Learning Theories That Support Gamification
Before examining some examples of serious educational games and their instructional designs, we will survey some learning theories that support instruction and the gamification of learning. Each of the theories outlined below contribute elements to instructional design and the learner’s gaming experience.
Motivation
Playing games is highly motivating. This motivation can be divided into intrinsic and extrinsic, and both are seen in gaming to engage the learner. Gamification is motivating to students because it grabs their attention through elements of challenge, curiosity, and learner control. Students commit and invest when they take on an identity and become “active agents” whose actions and decisions impact the outcome of the game (Gee, 2005). Games also provide an appropriate level of challenge so that participants have confidence as they play and attain satisfaction as they successfully complete tasks. Ongoing engagement is related to a sense of accomplishment, as well as through the accumulation of points or game rewards.

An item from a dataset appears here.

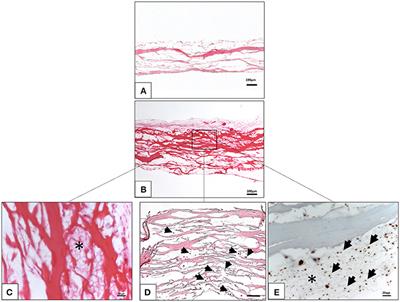 In vivo Implantation of a Bovine-Derived Collagen Membrane Leads to Changes in the Physiological Cellular Pattern of Wound Healing by the Induction of Multinucleated Giant Cells: An Adverse Reaction?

Judy Willis (2011) and Gabe Zichermann (2010), advocates of gamification as a learning tool, focus their discussion around intrinsic motivation and its benefits for learning. They allude to “flow” or the dopamine effect, where players cycle through challenge, achievement, and pleasure in a loop, which is responsible for fostering ongoing engagement and motivation. James Paul Gee (2005), a cognitive scientist also claims that motivation for learning lies in challenges that feel challenging, but doable and in gaining continual feedback that lets learners know their progress.
Games like Lure of the Labryinth are engaging and motivating because they involve players in a fictional story line with customizable avatars, giving them control and identity within the game. Lure of the Labryinth further motivates its players through leveled challenges, immediate feedback, and the chance to earn tokens.
Cognitive Learning
Gaming stimulates the mental processes of thinking, memory, and problem solving. Kebritchi (2008) claims that games provide an interactive decision making context where situations are analyzed and possible actions or decisions are evaluated based on their effectiveness to the overall game outcome. Higher order thinking skills also come into play as students practice different problem solving techniques (Kapp, 2012). In a game, players must think strategically about positioning, consider opponents’ strengths and weaknesses, and purpose a plan of action. They must multi-task, respond quickly to game situations, and make decisions. Players exercise leadership as they manage resources and collaborate with others. According to Hutchins (2000), gains in cognition and understanding are made when a learner first interacts with game artifacts and other players to understand and make sense of the game, and then engages with the game system independently. It is the going back and forth in this cycle that promotes high cognitive functioning.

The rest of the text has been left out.